Your job with the data below: print everything from the line that holds "OPUS PANTS Blouse" down to the line that holds "6 Easy Ribbon Hairstyles", ends included, exactly, and nothing else.

* **RECORDS FOR THIS EXERCISE**
▼

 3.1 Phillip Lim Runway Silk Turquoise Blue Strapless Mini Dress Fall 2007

▲
▼

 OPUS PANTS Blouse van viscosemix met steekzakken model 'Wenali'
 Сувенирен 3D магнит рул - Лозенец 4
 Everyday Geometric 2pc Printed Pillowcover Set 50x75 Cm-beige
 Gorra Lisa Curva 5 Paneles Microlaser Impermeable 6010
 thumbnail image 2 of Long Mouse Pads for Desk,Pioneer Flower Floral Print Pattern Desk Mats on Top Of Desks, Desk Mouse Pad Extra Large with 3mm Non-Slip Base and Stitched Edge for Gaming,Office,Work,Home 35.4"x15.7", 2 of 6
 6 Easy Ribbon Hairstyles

▲

* **FINAL ANSWER**
 OPUS PANTS Blouse van viscosemix met steekzakken model 'Wenali'
 Сувенирен 3D магнит рул - Лозенец 4
 Everyday Geometric 2pc Printed Pillowcover Set 50x75 Cm-beige
 Gorra Lisa Curva 5 Paneles Microlaser Impermeable 6010
 thumbnail image 2 of Long Mouse Pads for Desk,Pioneer Flower Floral Print Pattern Desk Mats on Top Of Desks, Desk Mouse Pad Extra Large with 3mm Non-Slip Base and Stitched Edge for Gaming,Office,Work,Home 35.4"x15.7", 2 of 6
 6 Easy Ribbon Hairstyles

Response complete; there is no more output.